Alternatively you can set Calibre to email to your Kindle which will send the file wirelessly: there's a discussion here http://www.kboards.com/index.php/topic,47711.msg826955.html#msg826955 (though not specifically talking about Calibre).


----------



## Basilius (Feb 20, 2010)

Morf said:


> Once you've connected your Kindle, there is a Calibre menu item to transfer the book to the device which makes sure everything is copied correctly.
> 
> Alternatively you can set Calibre to email to your Kindle which will send the file wirelessly: there's a discussion here http://www.kboards.com/index.php/topic,47711.msg826955.html#msg826955 (though not specifically talking about Calibre).

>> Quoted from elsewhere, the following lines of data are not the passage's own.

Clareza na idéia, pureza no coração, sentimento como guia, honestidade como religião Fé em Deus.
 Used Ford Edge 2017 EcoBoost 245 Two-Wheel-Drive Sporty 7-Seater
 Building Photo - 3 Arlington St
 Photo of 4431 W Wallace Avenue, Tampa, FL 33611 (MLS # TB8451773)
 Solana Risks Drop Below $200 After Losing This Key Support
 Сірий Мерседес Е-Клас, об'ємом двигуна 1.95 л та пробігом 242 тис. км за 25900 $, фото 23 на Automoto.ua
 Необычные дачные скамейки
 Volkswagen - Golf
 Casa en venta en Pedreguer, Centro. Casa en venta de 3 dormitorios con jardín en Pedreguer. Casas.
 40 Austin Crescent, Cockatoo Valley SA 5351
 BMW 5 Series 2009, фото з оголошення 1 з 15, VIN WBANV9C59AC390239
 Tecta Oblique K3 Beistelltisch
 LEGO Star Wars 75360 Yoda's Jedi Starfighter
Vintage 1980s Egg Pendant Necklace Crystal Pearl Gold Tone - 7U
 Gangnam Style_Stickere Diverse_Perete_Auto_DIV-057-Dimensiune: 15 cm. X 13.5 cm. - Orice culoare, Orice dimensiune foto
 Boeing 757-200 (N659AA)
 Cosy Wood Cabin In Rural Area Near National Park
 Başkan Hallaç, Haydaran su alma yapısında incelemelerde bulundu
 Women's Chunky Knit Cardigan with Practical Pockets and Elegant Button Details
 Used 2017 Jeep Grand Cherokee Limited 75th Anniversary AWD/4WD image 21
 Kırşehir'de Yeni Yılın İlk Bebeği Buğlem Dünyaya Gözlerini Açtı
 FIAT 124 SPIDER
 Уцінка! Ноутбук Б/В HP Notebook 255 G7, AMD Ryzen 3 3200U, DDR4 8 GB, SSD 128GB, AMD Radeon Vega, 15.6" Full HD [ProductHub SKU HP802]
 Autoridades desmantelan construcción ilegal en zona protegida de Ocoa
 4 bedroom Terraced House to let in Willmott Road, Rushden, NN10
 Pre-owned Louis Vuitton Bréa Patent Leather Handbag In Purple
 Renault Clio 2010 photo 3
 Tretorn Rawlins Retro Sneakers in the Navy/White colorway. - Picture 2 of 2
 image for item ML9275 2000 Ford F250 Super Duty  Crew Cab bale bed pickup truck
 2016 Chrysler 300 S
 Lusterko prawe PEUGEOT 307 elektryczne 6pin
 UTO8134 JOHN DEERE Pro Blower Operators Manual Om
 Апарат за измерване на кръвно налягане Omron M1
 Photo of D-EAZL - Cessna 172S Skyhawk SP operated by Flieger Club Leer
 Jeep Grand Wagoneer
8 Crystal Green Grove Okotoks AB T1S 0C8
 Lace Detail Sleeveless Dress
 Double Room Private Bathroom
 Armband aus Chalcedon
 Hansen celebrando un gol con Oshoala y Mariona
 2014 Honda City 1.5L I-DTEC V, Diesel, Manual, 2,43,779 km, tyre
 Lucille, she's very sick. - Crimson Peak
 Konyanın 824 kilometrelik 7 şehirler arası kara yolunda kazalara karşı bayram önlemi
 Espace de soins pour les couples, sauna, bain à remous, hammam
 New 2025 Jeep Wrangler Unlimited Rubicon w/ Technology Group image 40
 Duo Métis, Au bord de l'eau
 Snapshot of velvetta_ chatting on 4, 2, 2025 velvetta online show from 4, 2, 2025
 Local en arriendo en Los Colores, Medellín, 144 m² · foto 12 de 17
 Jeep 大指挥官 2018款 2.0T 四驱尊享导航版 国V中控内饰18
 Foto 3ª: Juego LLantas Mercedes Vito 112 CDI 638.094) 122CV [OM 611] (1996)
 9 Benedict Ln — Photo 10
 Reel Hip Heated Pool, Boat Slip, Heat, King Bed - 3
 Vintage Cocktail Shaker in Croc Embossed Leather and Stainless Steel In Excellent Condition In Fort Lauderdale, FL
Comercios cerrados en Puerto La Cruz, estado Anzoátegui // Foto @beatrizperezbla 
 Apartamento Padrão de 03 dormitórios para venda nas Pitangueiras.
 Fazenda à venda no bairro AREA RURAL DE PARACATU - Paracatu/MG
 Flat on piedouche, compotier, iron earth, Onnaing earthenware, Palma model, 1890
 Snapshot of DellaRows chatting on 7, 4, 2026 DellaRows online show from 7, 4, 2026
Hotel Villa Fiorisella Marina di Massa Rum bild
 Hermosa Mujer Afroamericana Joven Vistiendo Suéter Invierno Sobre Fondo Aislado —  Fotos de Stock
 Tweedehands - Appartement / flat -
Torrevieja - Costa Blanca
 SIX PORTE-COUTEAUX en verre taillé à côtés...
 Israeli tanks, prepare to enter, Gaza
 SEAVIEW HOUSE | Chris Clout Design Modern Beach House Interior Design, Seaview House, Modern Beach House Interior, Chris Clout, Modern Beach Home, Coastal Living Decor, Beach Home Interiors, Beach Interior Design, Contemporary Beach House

What Morf says. Use Calibre to transfer the files. Be VERY careful messing around with the folder structure Calibre creates. It's not meant to be used outside of the interface.


----------



## Atunah (Nov 20, 2008)

I noticed that when I transfer via USB using the send to device, Calibre makes folders on my Kindle 3. It had always done the same on my K1. But when I transfer via email over wifi using the connect and share, there are no folders created and only the file goes on the K.


----------



## Mike D. aka jmiked (Oct 28, 2008)

The Kindle doesn't pay any attention to folder structures inside the Documents folder. I have no idea why the people at Amazon did it this way. It will list books in any folders under the Documents one.


Mike


----------



## HappyGuy (Nov 3, 2008)

allisondbl said:


> Brilliant Mike and danke. BTW, Clarke is wonderful: just reread Rama.


Please PM me about Rama!


----------